Task data:
* * * * *
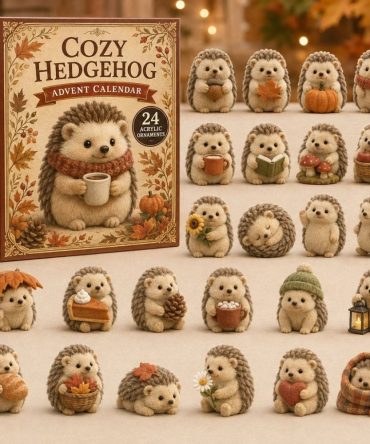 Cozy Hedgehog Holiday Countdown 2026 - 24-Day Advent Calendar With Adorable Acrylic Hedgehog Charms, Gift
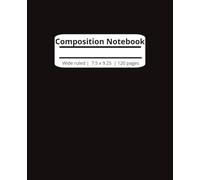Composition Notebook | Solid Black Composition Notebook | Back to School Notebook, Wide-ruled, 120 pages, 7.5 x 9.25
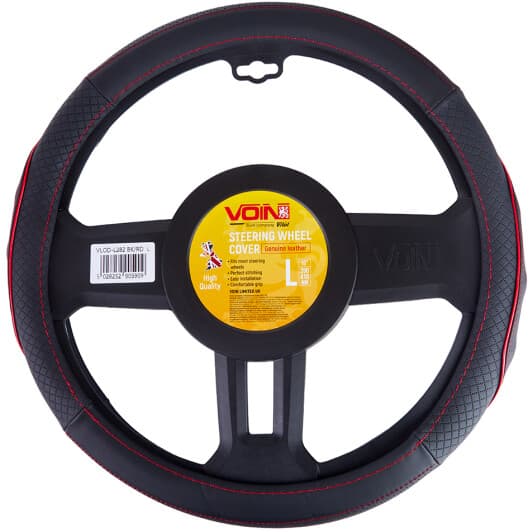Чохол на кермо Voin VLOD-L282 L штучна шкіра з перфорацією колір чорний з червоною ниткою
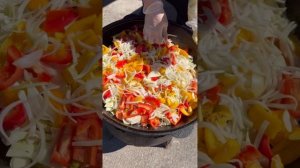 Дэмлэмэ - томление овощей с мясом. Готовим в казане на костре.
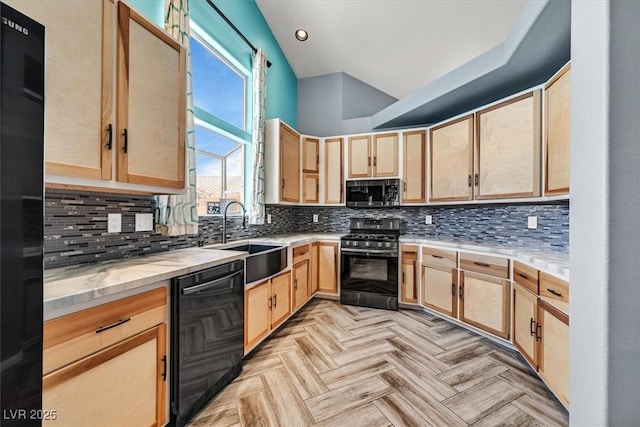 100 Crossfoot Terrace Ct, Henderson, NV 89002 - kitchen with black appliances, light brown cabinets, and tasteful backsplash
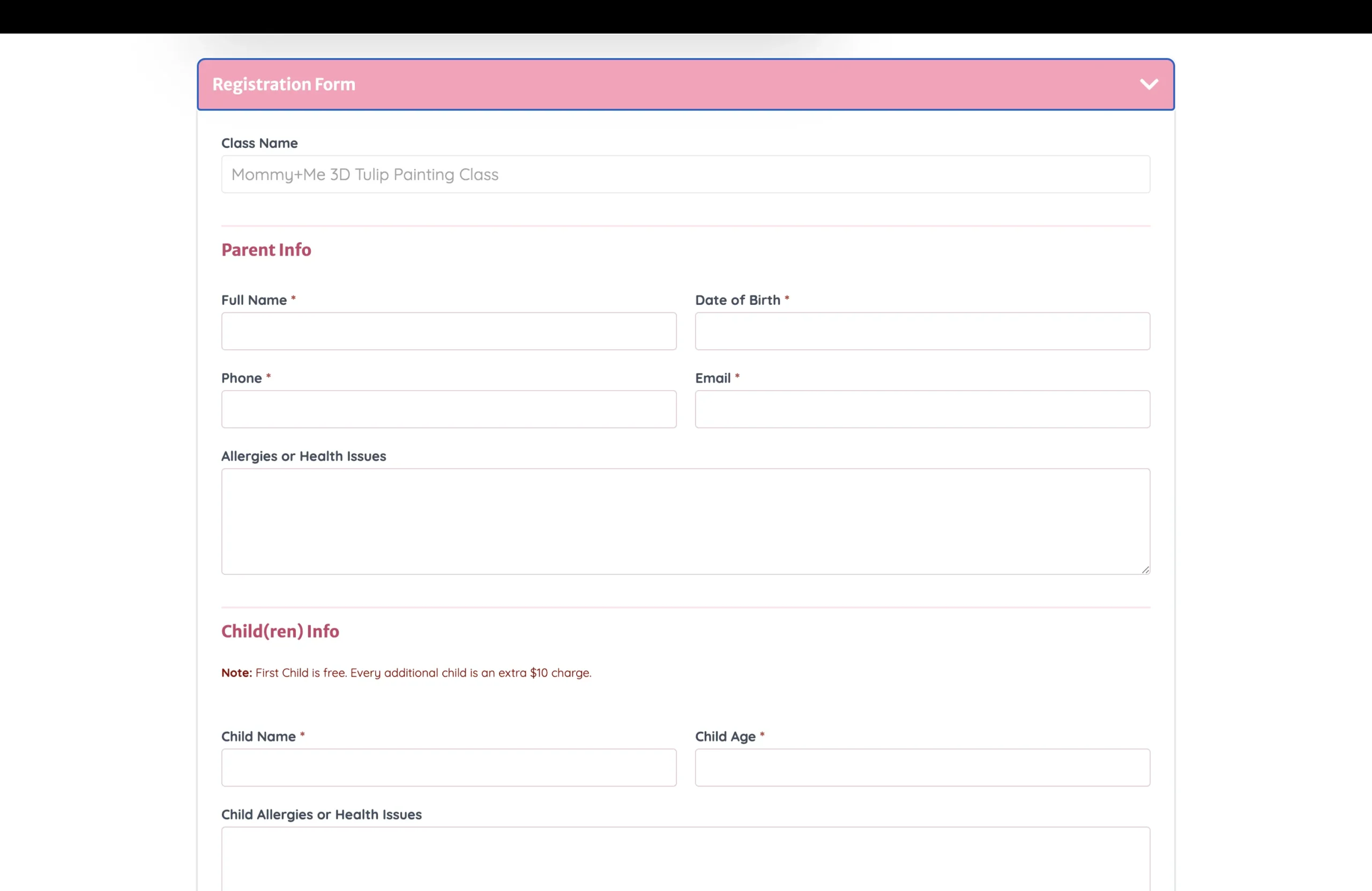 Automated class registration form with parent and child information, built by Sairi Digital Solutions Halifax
* * * * *
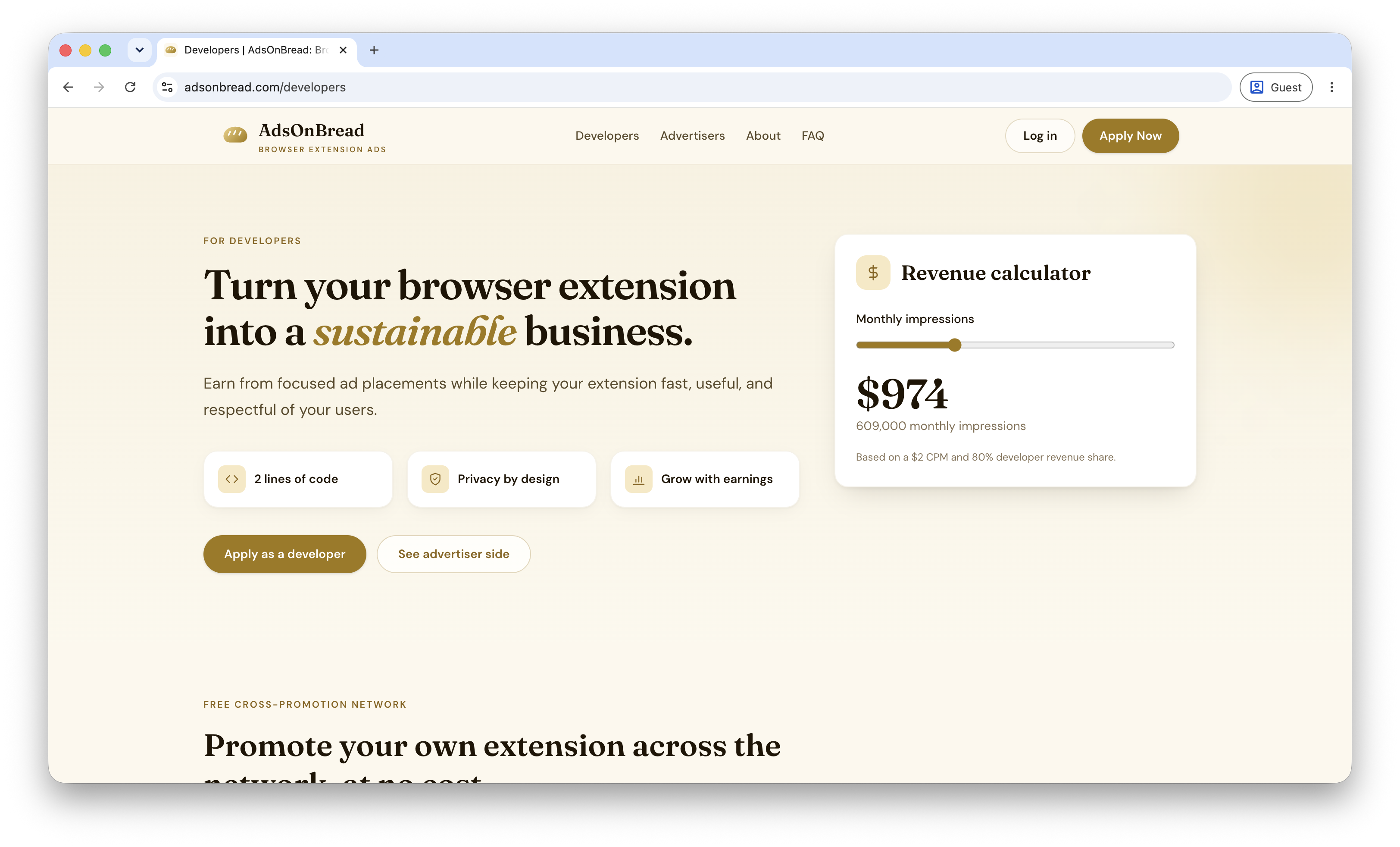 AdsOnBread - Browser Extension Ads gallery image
* * * * *
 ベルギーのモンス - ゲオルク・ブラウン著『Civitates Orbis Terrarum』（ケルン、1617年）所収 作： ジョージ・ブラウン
* * * * *
Directions for this task:
Print the part of the listing above that opens with the line containing "Cozy Hedgehog Holiday" and closes with the line containing "Дэмлэмэ - томление". Copy it exactly, both ends included, and omit the pictures.

Expected answer:
 Cozy Hedgehog Holiday Countdown 2026 - 24-Day Advent Calendar With Adorable Acrylic Hedgehog Charms, Gift
Composition Notebook | Solid Black Composition Notebook | Back to School Notebook, Wide-ruled, 120 pages, 7.5 x 9.25
Чохол на кермо Voin VLOD-L282 L штучна шкіра з перфорацією колір чорний з червоною ниткою
 Дэмлэмэ - томление овощей с мясом. Готовим в казане на костре.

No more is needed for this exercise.